**What is being asked**
Please copy exactly the lines from the one containing "20 Latest Neon" to the end of the entries, both included, and nothing else. Omit every picture.

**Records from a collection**
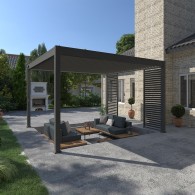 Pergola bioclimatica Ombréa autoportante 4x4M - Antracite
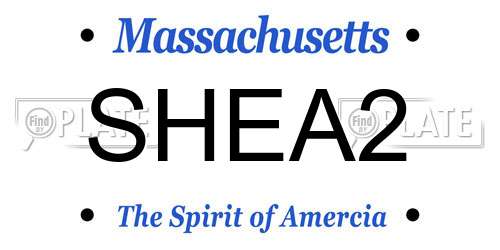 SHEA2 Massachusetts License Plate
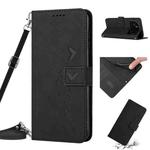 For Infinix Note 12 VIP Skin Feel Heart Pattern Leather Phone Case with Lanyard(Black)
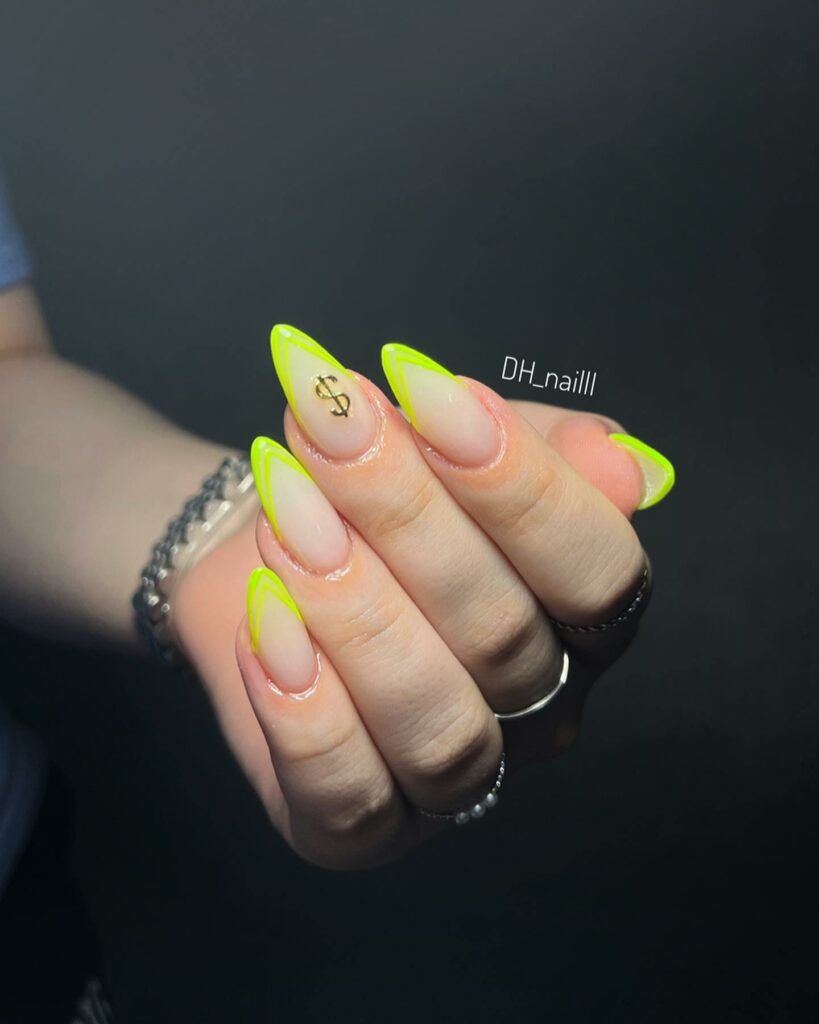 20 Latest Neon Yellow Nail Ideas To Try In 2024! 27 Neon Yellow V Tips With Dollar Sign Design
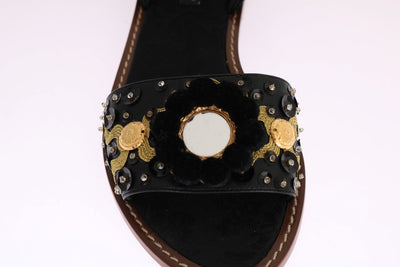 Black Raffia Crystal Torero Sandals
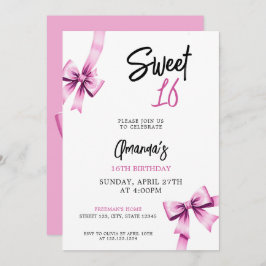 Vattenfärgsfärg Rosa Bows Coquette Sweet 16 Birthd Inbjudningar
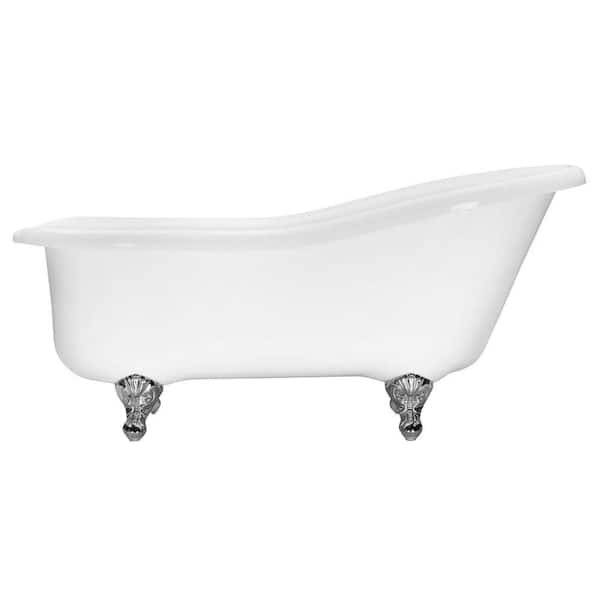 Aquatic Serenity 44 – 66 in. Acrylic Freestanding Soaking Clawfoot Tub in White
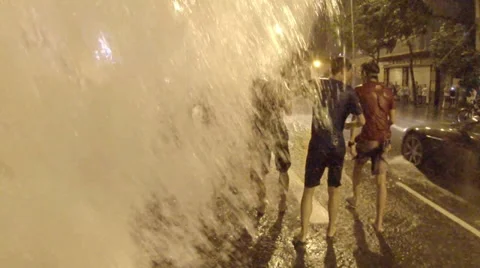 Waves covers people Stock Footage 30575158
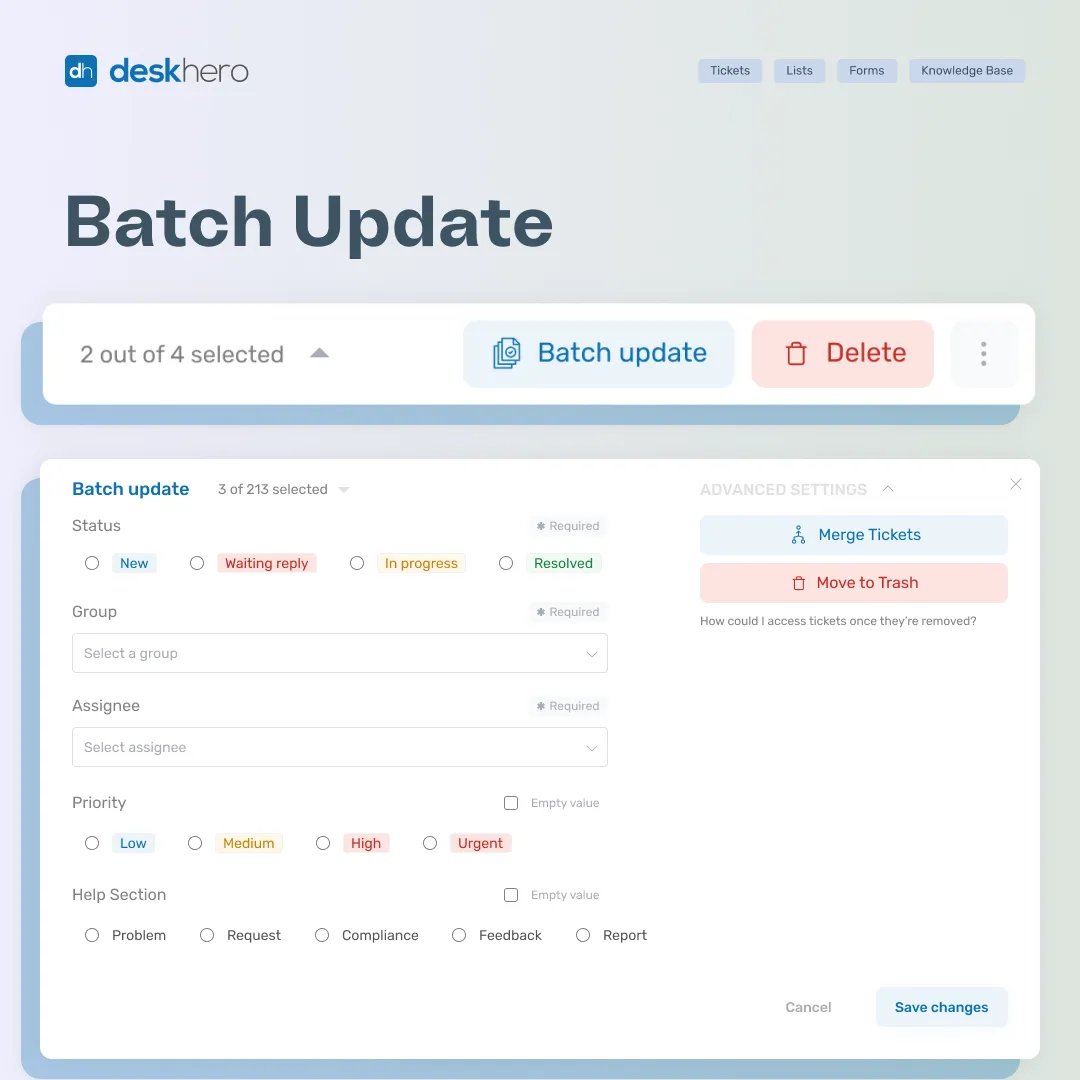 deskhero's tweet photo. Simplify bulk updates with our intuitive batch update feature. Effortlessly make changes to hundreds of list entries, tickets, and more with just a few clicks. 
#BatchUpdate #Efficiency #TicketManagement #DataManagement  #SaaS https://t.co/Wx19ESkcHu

**Task result**
 20 Latest Neon Yellow Nail Ideas To Try In 2024! 27 Neon Yellow V Tips With Dollar Sign Design
 Black Raffia Crystal Torero Sandals
 Vattenfärgsfärg Rosa Bows Coquette Sweet 16 Birthd Inbjudningar
 Aquatic Serenity 44 – 66 in. Acrylic Freestanding Soaking Clawfoot Tub in White
 Waves covers people Stock Footage 30575158
 deskhero's tweet photo. Simplify bulk updates with our intuitive batch update feature. Effortlessly make changes to hundreds of list entries, tickets, and more with just a few clicks. 
#BatchUpdate #Efficiency #TicketManagement #DataManagement  #SaaS https://t.co/Wx19ESkcHu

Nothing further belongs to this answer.